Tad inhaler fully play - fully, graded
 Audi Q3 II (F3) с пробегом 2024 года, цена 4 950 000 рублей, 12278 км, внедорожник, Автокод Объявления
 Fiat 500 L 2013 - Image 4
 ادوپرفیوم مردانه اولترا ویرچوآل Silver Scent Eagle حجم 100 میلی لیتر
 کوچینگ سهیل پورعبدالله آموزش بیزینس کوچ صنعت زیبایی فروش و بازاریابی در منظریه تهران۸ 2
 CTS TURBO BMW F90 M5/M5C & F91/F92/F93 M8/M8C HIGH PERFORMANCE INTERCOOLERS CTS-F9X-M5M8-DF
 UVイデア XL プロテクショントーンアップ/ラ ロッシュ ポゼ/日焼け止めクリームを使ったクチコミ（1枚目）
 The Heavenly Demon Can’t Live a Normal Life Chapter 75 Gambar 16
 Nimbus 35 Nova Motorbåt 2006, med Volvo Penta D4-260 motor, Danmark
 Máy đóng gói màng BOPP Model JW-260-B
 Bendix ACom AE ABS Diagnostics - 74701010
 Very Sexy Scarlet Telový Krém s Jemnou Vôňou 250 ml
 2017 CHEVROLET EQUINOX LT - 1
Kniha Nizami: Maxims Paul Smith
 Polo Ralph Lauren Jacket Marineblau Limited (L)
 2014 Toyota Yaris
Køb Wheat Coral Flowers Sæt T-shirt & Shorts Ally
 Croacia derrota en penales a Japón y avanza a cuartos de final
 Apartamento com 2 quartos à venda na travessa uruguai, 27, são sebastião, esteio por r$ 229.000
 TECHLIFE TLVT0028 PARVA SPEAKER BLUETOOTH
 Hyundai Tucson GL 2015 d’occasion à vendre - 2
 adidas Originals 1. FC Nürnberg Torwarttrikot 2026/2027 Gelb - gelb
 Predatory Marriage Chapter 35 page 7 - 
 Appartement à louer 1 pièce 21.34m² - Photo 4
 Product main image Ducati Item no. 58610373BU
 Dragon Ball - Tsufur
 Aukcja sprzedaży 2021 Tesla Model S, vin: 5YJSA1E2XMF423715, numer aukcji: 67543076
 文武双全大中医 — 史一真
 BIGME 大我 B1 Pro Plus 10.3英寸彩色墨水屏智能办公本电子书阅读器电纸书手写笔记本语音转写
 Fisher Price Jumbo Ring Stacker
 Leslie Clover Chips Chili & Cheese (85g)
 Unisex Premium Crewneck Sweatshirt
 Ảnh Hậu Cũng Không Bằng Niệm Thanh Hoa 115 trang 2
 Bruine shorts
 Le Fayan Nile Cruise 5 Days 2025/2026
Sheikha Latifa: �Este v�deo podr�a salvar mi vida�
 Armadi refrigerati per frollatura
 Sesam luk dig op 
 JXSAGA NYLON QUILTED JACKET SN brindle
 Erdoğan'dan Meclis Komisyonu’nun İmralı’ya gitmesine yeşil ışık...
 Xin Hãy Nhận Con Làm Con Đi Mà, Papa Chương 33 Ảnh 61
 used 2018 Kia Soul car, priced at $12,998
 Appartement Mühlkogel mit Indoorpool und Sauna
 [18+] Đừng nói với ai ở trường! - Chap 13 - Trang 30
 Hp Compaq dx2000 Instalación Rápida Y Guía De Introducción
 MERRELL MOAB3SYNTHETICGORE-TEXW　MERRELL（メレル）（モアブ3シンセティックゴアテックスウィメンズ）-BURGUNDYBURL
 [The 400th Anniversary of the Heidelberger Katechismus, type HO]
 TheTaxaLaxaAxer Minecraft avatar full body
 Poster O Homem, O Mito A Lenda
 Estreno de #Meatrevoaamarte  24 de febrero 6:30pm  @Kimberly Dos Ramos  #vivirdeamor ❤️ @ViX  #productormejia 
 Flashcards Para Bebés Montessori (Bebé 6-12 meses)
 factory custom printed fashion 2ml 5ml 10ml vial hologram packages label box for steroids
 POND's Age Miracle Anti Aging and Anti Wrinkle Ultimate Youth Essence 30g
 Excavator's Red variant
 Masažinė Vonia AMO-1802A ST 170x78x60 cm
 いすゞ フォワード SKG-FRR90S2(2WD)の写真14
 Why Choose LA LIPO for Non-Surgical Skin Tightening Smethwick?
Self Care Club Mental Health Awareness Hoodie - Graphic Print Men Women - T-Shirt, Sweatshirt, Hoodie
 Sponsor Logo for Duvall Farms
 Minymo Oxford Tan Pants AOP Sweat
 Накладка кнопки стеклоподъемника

━━━━

» **TASK BRIEF**: The answer must be every line of the records that holds the string "Model".

» **RESPONSE TO THIS EXERCISE**:
 Máy đóng gói màng BOPP Model JW-260-B
 Aukcja sprzedaży 2021 Tesla Model S, vin: 5YJSA1E2XMF423715, numer aukcji: 67543076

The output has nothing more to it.